Articles:
2050 Vitality Index – Japan

21.07.14 Publication:

We know that we cannot forecast far into the future. Nevertheless, here in the second decade of the 21st century, there is an impressive consensus about what are the main forces that are destined to shape that future. So we ought to be able to prepare for them. But are we doing so?

That is the question I am seeking to answer by constructing a new statistical indicator of how well our affluent, mature developed countries are preparing themselves for these long-term trends. I am doing this as part of the work of a new educational non-profit foundation I have established, “The Wake Up Foundation”, and am calling the indicator “The Wake Up 2050 Vitality Index”.

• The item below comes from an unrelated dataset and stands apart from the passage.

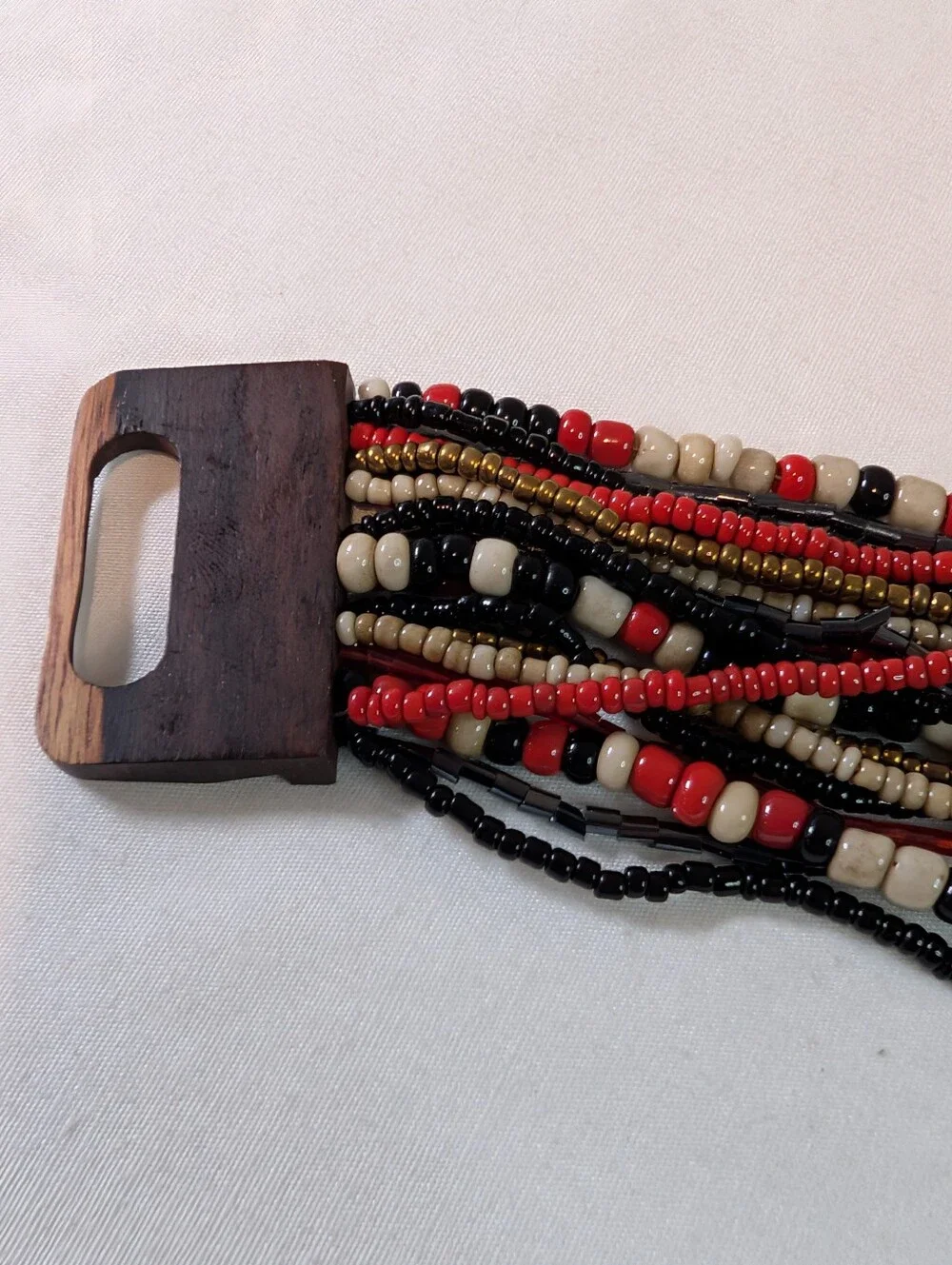 Beaded Wood Clasp Bracelet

So for this column I thought I would take a look at some of the indicators of how well Japan might be preparing for the world of 2050. We are all naturally focused on short-term issues, such as whether Abenomics’ third arrow will stimulate economic growth next year. Let’s try to look instead at the long term.

The forces about which I think there is a consensus include at least these ones: demography, the “knowledge economy”, technological innovation, climate change and globalisation.

But what are the most important measures of these, as far as long-term preparation is concerned?

Starting with demography, of course we all know that Japan’s population structure is ageing rapidly, and that by 2050 nearly 40% of the population will be over the age of 65, unless there is a dramatic change in immigration or the birth rate. The OECD’s statistics use two significant words to describe this over-65 population: “elderly” and “dependant”.

Yet really these words are outdated and misleading. The true measures of how well Japan is preparing itself for 2050 in demographic terms must be measures that indicate a steady redefinition of at least the age group between 65 and 75: that it is healthy and that it is not “dependant”, probably because a rising proportion of that age group should still be working productively—so as to contribute to the economy and tax revenues, and to stay physically and mentally healthy.

Japan has been more advanced than many western countries in raising the retirement age to 65. According to the OECD, 65% of Japanese between the ages of 55 and 64 are in employment, compared with 61% for America, 58% for Britain and just 40% for Italy. Yet even that will not be enough. Reliable statistics on how many over-65s are in the labour force are scarce, but it appears that the figure is about 50% for those aged 65-69 and 20% for the over-70s. In future, both of those figures will have to rise.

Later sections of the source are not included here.